The locale module is implemented on top of the _locale module, which in turn uses an ANSI C locale implementation if available.

which is not a lot to go on when something like this comes up.

1 Like

If Apple provides another API that does work, then I’m sure we would consider using that for macOS builds. And if they’ve officially deprecated the use of the API on their platform, we would definitely add a message to the documentation. @nad and @ronaldoussoren are our experts here.

If it’s just a known issue that they’re intending to fix, we wouldn’t necessarily note that in our docs or make code changes to deal with it, but it depends on the circumstances (like how long it’s been broken for, what messaging there’s been around fixes, etc.).

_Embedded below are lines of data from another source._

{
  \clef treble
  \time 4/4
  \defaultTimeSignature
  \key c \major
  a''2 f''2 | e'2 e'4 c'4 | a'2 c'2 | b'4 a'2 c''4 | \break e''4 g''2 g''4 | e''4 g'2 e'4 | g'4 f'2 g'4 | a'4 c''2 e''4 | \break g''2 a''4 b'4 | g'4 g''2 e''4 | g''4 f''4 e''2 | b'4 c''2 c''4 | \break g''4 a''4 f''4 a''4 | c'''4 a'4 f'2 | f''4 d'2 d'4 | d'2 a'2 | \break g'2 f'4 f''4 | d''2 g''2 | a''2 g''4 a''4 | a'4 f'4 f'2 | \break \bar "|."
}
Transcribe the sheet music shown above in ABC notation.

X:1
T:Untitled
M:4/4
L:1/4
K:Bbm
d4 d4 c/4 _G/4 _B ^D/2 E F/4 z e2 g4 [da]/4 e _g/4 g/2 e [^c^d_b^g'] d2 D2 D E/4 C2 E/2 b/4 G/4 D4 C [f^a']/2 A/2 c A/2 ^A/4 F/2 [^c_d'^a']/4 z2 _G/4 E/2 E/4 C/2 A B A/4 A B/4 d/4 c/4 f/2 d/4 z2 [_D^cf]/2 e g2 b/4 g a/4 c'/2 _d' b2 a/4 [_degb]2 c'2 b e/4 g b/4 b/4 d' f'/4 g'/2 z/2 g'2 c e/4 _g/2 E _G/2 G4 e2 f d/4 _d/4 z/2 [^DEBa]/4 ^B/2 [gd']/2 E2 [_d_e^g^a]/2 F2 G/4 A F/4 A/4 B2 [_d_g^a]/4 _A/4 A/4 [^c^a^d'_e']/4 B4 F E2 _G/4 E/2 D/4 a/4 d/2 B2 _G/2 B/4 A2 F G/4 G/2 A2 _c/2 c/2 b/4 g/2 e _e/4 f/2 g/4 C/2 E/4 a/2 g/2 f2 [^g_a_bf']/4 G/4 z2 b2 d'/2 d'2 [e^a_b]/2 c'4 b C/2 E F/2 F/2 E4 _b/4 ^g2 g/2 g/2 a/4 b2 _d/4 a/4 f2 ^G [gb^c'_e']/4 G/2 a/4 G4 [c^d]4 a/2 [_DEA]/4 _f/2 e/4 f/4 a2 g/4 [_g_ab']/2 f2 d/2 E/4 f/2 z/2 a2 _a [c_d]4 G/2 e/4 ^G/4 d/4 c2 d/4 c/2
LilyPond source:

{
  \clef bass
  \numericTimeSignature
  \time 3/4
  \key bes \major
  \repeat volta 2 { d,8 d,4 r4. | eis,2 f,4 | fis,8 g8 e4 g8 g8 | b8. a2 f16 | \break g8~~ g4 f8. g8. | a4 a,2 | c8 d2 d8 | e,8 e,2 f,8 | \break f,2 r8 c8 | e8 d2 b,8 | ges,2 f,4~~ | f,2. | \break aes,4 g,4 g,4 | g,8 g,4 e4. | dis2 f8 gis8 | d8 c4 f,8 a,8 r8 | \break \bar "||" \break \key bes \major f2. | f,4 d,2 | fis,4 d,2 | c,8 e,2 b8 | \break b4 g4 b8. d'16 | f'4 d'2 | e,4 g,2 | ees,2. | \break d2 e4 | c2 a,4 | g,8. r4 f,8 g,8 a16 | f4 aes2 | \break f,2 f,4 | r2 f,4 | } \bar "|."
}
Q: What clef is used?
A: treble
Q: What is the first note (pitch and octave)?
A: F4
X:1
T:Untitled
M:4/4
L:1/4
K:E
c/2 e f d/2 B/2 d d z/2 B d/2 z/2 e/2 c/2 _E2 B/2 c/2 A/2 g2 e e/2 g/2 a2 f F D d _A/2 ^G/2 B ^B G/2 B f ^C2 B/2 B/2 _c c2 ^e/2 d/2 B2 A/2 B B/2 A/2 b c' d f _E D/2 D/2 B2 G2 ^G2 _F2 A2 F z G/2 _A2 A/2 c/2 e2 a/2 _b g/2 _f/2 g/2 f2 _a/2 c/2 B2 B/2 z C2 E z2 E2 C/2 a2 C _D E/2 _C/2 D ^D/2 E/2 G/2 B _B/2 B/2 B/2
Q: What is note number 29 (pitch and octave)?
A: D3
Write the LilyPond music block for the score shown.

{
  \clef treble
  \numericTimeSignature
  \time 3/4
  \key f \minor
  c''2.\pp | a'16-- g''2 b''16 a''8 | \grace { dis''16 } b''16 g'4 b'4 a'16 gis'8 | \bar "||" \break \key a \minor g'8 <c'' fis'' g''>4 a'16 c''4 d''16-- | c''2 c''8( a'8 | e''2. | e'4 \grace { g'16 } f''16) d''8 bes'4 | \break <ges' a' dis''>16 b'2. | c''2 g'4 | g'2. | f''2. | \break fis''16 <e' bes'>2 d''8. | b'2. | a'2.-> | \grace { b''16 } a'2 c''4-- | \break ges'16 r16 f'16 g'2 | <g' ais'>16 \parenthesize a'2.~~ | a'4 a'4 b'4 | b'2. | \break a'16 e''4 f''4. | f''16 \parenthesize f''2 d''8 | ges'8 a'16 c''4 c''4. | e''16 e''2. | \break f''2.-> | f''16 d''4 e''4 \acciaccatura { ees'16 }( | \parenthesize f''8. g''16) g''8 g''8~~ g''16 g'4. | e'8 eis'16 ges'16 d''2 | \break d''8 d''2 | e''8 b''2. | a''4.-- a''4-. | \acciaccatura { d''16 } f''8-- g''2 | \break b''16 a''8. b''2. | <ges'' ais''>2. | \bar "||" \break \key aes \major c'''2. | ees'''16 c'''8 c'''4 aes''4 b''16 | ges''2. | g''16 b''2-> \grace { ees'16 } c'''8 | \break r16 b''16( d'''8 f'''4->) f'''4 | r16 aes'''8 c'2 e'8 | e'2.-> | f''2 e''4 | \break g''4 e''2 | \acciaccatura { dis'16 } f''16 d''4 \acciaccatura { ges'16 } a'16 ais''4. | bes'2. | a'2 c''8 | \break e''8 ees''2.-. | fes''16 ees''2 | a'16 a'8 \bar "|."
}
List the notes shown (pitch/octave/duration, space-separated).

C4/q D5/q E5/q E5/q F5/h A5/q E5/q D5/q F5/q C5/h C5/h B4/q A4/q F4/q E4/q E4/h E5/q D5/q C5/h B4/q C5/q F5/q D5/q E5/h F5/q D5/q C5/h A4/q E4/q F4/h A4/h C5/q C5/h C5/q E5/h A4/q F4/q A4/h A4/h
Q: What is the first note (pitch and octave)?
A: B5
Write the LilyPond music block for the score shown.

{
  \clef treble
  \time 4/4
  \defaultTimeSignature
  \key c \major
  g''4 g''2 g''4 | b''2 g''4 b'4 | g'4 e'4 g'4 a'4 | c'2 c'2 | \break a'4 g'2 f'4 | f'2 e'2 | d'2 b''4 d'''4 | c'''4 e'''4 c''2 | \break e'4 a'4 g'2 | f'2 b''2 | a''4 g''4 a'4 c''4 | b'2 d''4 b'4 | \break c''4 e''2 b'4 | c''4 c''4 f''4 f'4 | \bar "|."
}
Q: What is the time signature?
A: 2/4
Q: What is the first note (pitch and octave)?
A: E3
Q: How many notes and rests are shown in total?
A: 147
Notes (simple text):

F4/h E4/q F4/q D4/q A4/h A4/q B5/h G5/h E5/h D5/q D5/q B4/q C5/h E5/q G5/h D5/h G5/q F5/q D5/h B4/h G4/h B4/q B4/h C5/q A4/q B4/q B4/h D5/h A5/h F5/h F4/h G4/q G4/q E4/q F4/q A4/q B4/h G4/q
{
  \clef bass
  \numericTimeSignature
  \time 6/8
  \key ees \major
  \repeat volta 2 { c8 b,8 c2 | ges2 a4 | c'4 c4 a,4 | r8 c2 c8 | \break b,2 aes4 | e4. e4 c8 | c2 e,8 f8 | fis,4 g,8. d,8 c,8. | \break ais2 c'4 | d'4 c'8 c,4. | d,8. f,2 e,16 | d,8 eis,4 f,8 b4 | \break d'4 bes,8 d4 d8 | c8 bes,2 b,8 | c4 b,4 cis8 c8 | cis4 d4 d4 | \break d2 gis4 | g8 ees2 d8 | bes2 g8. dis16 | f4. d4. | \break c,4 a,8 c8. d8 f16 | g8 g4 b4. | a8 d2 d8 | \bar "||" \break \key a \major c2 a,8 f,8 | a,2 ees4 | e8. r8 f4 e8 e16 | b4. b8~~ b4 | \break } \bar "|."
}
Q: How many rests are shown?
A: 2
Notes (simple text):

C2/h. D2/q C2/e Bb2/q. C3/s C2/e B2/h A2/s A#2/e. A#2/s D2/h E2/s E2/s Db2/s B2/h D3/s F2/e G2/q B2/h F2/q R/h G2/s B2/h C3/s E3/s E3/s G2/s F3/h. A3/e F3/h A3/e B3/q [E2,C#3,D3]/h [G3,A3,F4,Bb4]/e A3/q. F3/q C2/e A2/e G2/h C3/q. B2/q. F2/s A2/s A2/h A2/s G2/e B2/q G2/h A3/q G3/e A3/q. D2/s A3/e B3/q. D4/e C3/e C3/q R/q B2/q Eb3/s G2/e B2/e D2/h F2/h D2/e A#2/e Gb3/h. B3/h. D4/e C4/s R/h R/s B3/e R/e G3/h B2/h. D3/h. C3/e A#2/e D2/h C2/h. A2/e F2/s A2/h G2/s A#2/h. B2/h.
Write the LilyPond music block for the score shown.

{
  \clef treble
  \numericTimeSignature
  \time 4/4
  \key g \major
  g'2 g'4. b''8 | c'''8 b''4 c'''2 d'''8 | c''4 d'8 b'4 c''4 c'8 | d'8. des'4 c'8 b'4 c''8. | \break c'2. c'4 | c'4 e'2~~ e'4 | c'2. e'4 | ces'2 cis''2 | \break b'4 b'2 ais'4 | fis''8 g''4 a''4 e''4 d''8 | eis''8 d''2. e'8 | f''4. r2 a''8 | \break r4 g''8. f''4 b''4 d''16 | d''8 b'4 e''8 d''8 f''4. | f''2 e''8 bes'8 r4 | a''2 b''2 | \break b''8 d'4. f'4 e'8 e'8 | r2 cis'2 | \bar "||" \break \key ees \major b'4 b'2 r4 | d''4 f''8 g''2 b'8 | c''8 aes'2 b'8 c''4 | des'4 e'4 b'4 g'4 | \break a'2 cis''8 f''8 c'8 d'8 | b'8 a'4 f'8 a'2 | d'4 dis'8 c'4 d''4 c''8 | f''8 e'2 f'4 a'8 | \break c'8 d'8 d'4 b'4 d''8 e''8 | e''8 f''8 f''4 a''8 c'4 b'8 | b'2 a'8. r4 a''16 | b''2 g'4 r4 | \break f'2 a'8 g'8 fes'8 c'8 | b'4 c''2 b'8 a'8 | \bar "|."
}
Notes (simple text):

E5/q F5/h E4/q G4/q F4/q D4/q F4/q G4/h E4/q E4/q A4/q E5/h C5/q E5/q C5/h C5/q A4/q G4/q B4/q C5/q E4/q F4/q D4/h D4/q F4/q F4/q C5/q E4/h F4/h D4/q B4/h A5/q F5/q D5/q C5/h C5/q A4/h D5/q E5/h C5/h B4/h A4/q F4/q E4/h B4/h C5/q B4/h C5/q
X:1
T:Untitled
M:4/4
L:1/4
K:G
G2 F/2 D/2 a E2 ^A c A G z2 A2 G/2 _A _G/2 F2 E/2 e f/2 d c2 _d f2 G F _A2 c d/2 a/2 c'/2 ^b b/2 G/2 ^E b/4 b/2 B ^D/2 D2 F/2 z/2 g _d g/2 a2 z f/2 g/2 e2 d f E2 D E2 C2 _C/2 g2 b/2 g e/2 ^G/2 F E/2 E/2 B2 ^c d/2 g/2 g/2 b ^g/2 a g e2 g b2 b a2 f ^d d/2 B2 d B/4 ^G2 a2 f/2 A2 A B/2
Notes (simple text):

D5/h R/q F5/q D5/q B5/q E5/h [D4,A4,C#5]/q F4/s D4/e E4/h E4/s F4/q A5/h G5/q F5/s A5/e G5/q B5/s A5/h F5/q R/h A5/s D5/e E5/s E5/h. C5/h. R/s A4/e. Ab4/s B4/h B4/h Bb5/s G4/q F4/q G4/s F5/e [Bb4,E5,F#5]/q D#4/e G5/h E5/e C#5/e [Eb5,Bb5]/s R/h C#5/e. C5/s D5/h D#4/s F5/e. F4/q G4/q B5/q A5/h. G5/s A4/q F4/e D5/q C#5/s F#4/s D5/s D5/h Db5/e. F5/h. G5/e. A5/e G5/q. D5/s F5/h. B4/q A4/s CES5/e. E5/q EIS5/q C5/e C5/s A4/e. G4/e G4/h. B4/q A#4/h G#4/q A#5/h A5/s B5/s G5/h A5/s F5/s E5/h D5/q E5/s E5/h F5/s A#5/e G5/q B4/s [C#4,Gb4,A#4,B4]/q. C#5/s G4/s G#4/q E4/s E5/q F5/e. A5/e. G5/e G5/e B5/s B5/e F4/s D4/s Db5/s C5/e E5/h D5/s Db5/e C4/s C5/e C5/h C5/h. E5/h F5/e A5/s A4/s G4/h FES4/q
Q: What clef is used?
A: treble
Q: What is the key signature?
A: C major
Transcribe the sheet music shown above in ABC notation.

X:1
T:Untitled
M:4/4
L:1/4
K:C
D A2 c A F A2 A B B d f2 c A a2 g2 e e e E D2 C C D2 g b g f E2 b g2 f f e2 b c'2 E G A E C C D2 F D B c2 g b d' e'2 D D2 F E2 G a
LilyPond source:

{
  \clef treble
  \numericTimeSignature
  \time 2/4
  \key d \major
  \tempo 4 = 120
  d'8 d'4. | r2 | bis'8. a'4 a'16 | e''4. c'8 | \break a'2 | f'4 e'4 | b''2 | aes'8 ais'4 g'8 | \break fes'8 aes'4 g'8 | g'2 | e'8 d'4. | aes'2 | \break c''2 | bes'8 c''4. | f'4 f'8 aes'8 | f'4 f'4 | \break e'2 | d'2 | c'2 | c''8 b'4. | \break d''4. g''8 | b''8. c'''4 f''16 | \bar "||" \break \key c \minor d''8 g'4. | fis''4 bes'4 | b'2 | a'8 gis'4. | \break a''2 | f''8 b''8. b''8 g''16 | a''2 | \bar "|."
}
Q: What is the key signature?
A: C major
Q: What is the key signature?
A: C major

We generally don’t recommend third-party modules as alternatives unless we feel they’re at least as trustworthy as CPython itself. Anything that goes into our docs lends our credibility to other projects, so we can’t just link to something because it seems to work right now. Adding a new dependency is a bigger discussion, but not impossible, and ICU is a pretty good candidate for a couple of cases.

2 Likes

I don’t have a clear picuture of the historical background, but I’m pretty sure this is not caused by an Apple bug. As far as I know this has been in the system for over 10 years (!) and locale-related modifications in the MacOS SDK seem to have been made very deliberately. I also wonder if the underlying implementation of wcscoll (=simply calling wcscmp, ignoring locale) is MacOS specific – I have the impression it is not (see for instance newlib libc, also FreeBSD). But regardless, if locale.strcoll doesn’t work on certain platforms for certain locales, shouldn’t Python then look for a solution in its code?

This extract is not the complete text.